TASK OBJECTIVE - Using the material below, repeat exactly the lines from the one with "Bottle Green Vintage" through the one with "CHANEL CC Logo Earring B25P - Metal", ends included, without any images.

PROVIDED RECORDS -

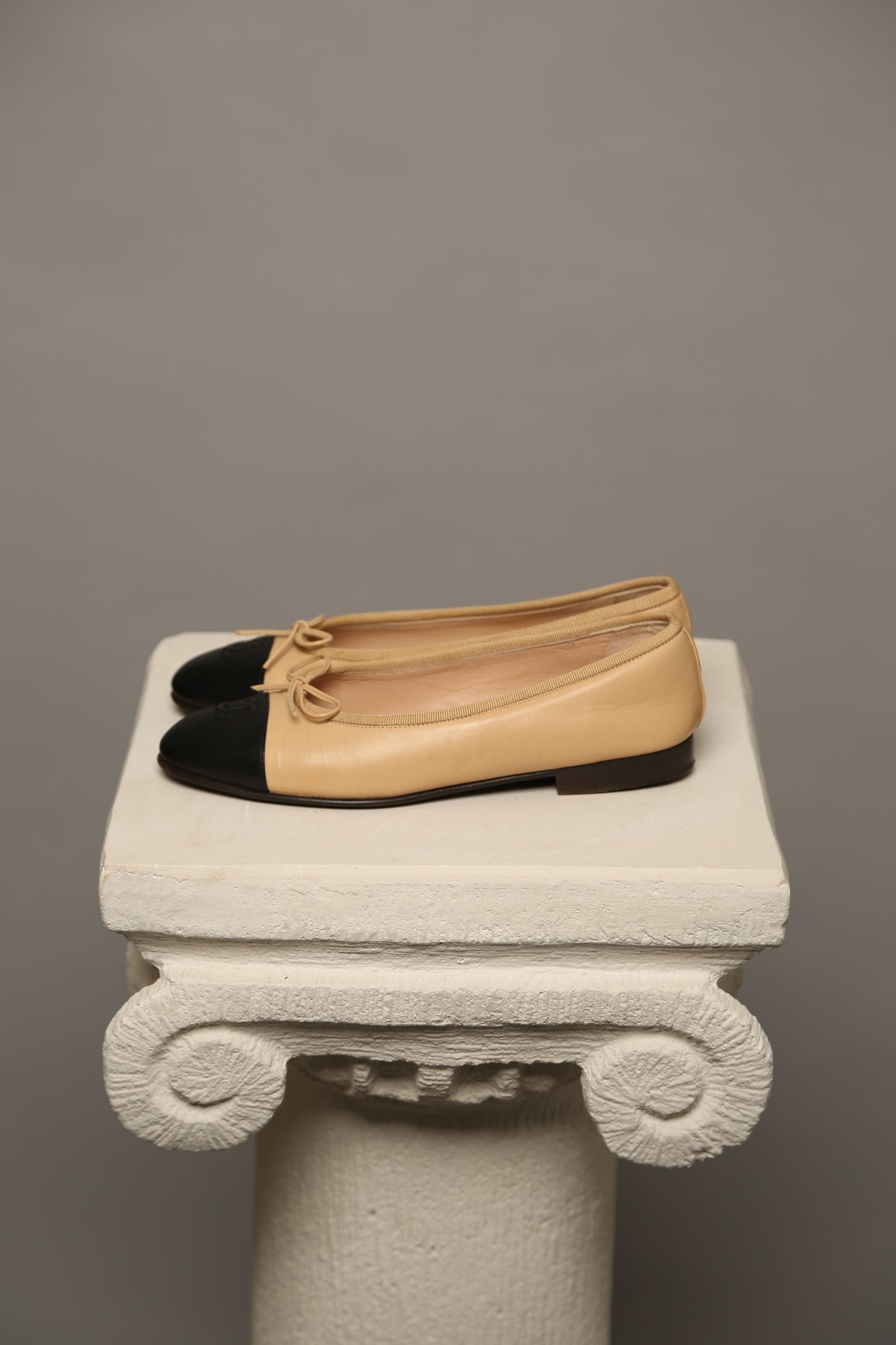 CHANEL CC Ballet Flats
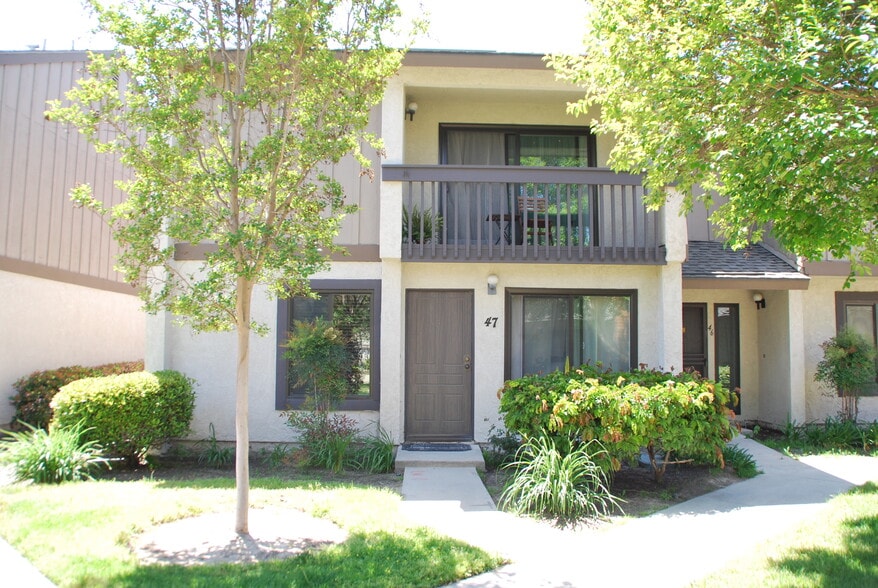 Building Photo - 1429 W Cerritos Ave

...

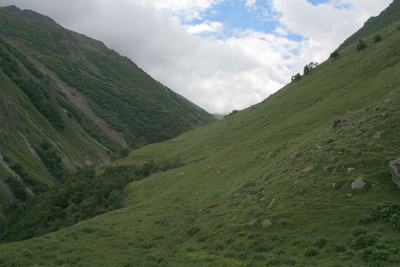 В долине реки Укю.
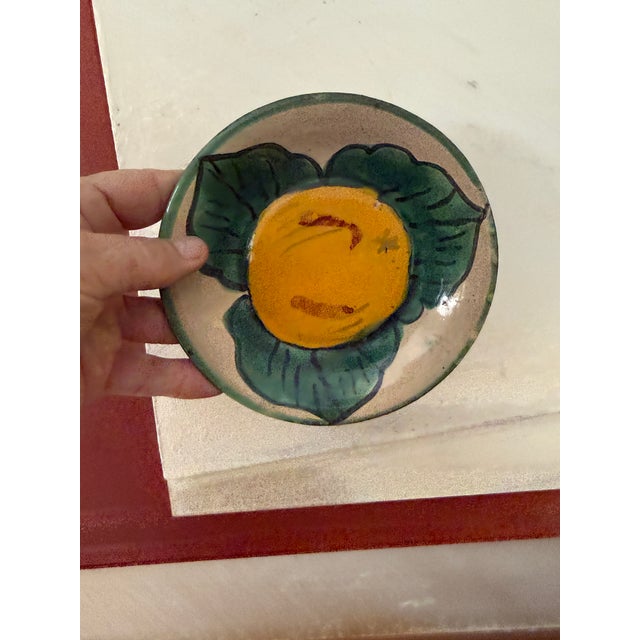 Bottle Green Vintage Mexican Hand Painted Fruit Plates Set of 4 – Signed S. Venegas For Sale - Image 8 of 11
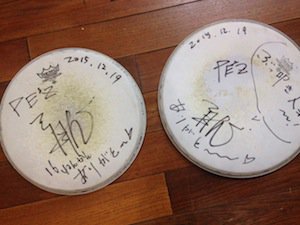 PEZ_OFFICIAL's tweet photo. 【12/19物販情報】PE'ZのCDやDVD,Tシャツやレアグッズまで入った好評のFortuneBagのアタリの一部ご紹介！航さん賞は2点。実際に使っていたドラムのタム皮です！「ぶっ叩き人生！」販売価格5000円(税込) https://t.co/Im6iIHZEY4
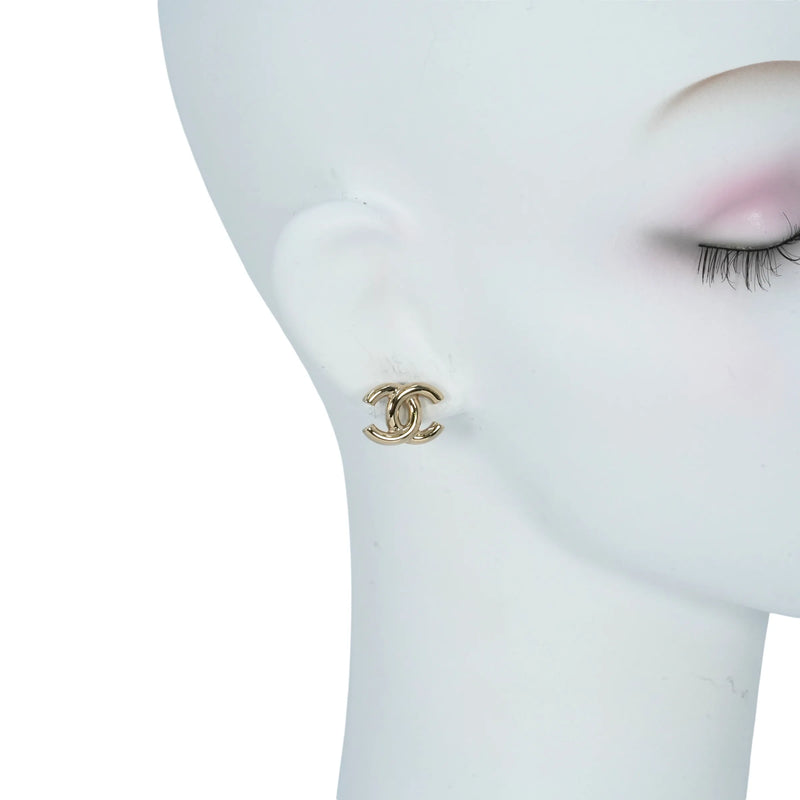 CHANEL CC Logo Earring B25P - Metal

RESPONSE -
 Bottle Green Vintage Mexican Hand Painted Fruit Plates Set of 4 – Signed S. Venegas For Sale - Image 8 of 11
 PEZ_OFFICIAL's tweet photo. 【12/19物販情報】PE'ZのCDやDVD,Tシャツやレアグッズまで入った好評のFortuneBagのアタリの一部ご紹介！航さん賞は2点。実際に使っていたドラムのタム皮です！「ぶっ叩き人生！」販売価格5000円(税込) https://t.co/Im6iIHZEY4
 CHANEL CC Logo Earring B25P - Metal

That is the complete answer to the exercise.